Question

In a mixture of gases, the average number of degrees of freedom per molecule is 6. The rms speed of the molecule of the gas is \(c\), then the velocity of sound in the gas is

• A. \(\dfrac{c}{\sqrt{3}}\)
• B. \(\dfrac{c}{\sqrt{2}}\)
• C. \(\dfrac{2c}{3}\)
• D. \(\dfrac{3c}{3}\)

Hint:

The speed of sound is always less than the rms speed of the molecules because \(\gamma\) is always less than 3. Specifically, \(v_s = c_{rms} \sqrt{\gamma/3}\).

Answer 1

The Correct Option is C

Step 1: Understanding the Concept:
We need to relate the root mean square (rms) speed of gas molecules to the speed of sound.

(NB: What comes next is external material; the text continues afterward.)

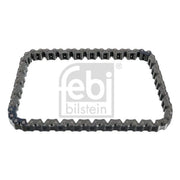 Febi Timing Chain 62 Links 6mm Pitch 100074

Both depend on the temperature and molar mass of the gas, but they differ by a factor involving the adiabatic index (\(\gamma\)).

Step 2: Key Formula or Approach:
1. RMS speed (\(c\)) = \(\sqrt{\frac{3RT}{M}}\) 2. Velocity of sound (\(v_s\)) = \(\sqrt{\frac{\gamma RT}{M}}\) 3. Ratio: \(v_s = c \sqrt{\frac{\gamma}{3}}\) 4. \(\gamma = 1 + \frac{2}{f}\), where \(f\) is the degrees of freedom.

Step 3: Detailed Explanation:
Given \(f = 6\): \[ \gamma = 1 + \frac{2}{6} = 1 + \frac{1}{3} = \frac{4}{3} \] Now, substitute \(\gamma\) into the sound velocity relation: \[ v_s = c \sqrt{\frac{4/3}{3}} = c \sqrt{\frac{4}{9}} = \frac{2c}{3} \]

Step 4: Final Answer
The velocity of sound in the gas is \(\dfrac{2c}{3}\).